Copy word for word the lines of the records below, beginning at the one with "Slender Tailed Meerkat" and finishing at the one with "鹦鹉撞出脑震荡什么反应,牡丹鹦鹉脑震荡表现", ends included, but none of the pictures.

**RECORDS TO PROCESS**.
————
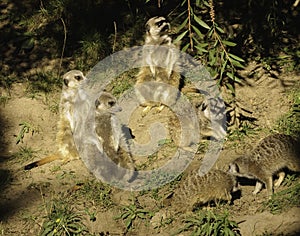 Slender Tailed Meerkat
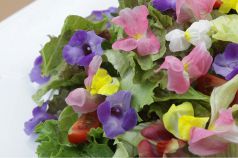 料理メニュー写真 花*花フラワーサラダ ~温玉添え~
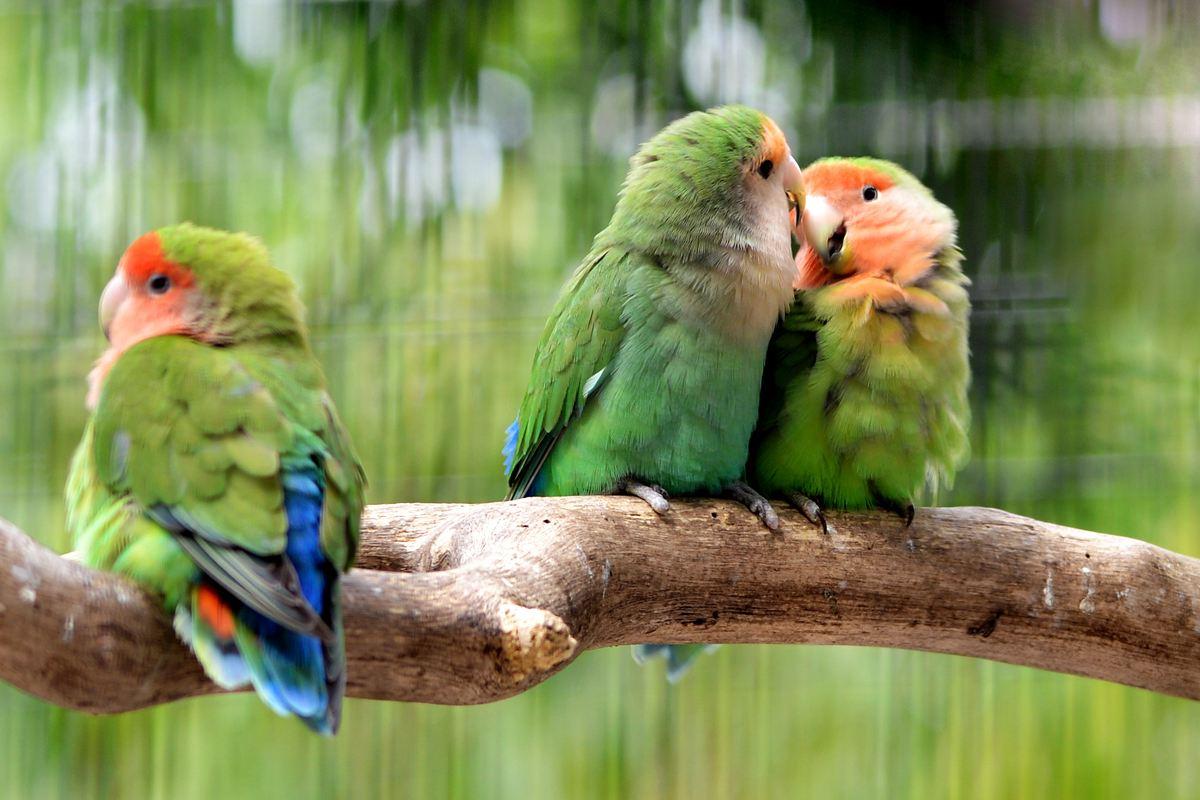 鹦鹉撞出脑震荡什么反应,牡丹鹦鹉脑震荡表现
————
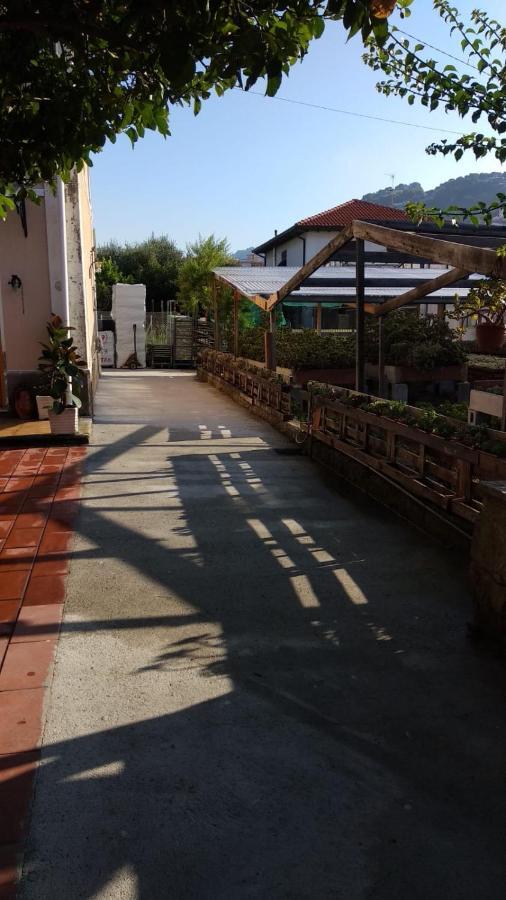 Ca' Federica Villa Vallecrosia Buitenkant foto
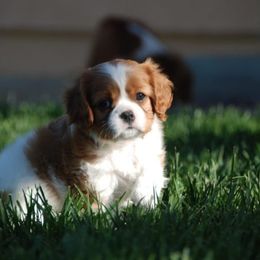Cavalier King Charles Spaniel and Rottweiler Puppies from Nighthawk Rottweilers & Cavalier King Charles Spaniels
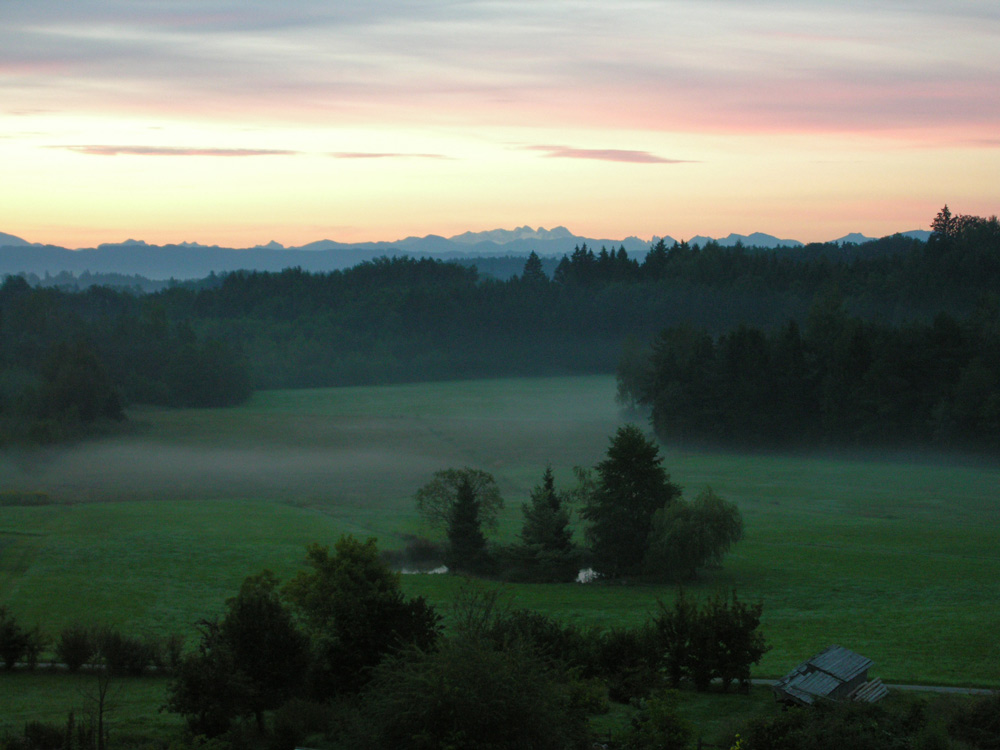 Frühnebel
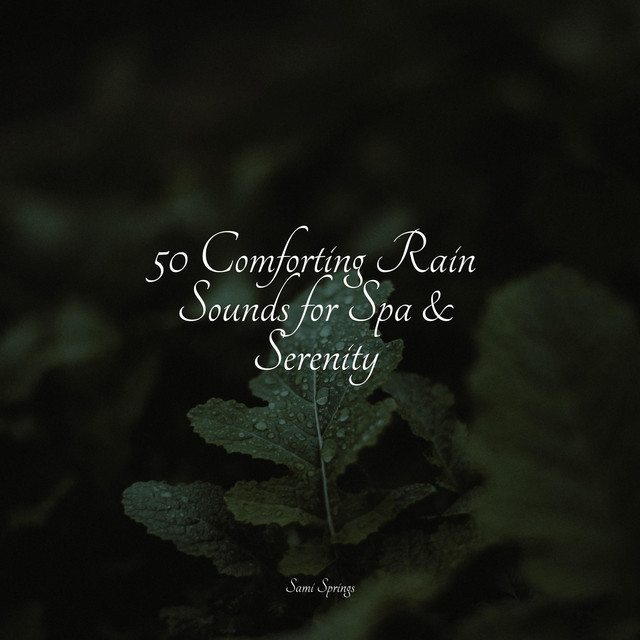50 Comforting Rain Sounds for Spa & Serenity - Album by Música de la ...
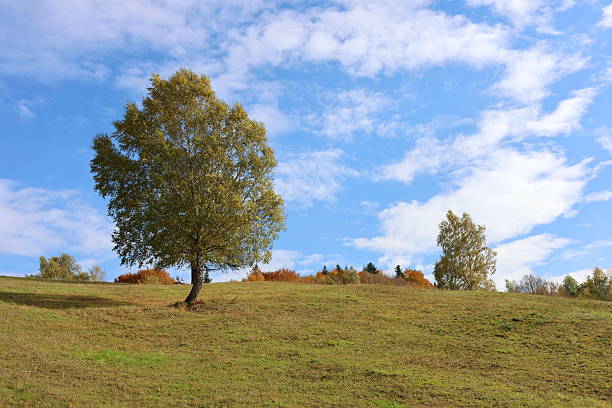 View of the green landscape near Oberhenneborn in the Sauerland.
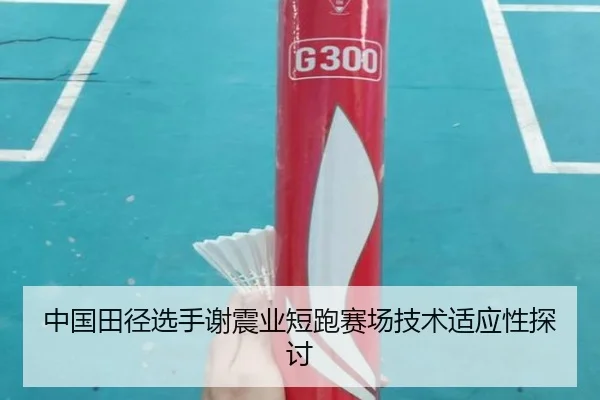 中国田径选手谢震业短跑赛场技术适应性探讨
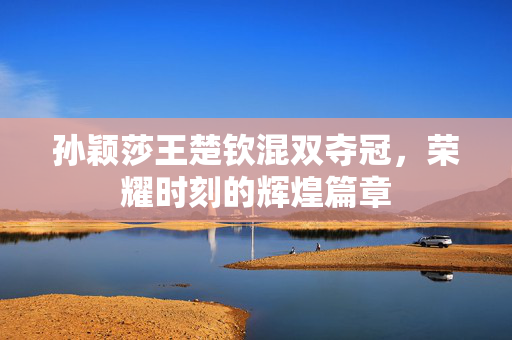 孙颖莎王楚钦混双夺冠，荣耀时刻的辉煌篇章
————
**YOUR SOLUTION**.
 Slender Tailed Meerkat
 料理メニュー写真 花*花フラワーサラダ ~温玉添え~
 鹦鹉撞出脑震荡什么反应,牡丹鹦鹉脑震荡表现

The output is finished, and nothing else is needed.